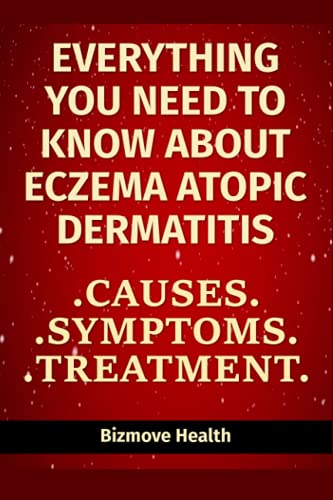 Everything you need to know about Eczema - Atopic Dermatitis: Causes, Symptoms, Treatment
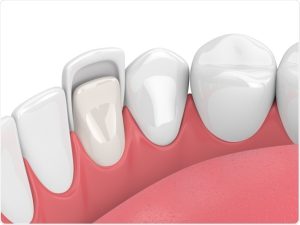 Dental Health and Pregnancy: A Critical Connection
* * *
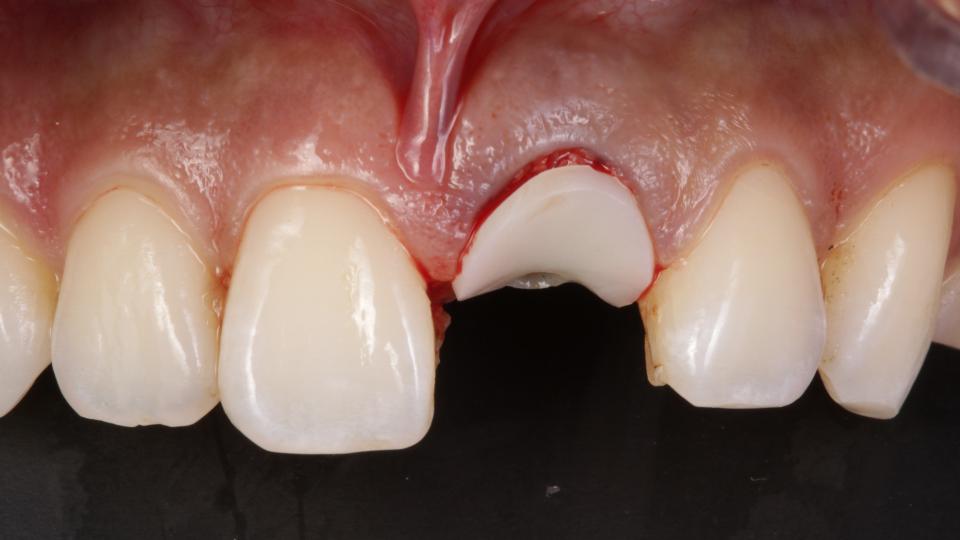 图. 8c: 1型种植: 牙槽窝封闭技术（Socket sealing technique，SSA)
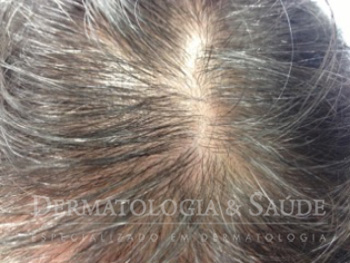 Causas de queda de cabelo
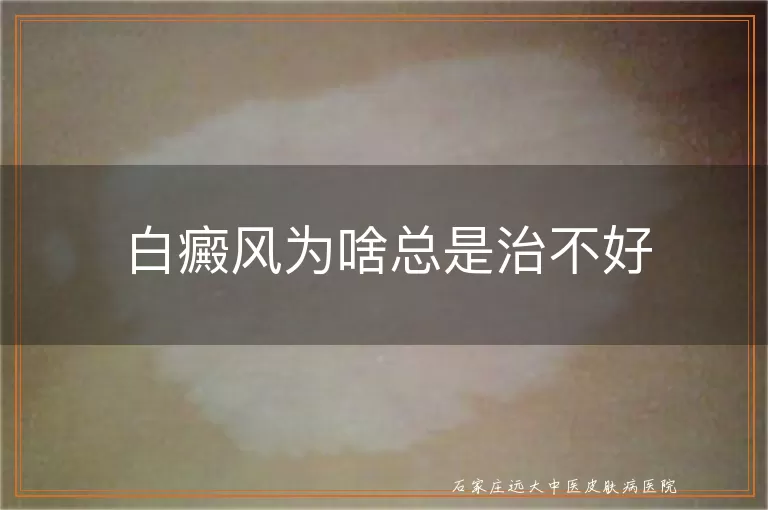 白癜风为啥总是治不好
---
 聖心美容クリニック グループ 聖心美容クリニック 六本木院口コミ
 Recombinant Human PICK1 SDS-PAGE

YOUR INSTRUCTIONS
Output exactly the lines above, from the line with "Everything you need" to the line with "Dental Health and", both included; skip the pictures.

RESPONSE
 Everything you need to know about Eczema - Atopic Dermatitis: Causes, Symptoms, Treatment
 Dental Health and Pregnancy: A Critical Connection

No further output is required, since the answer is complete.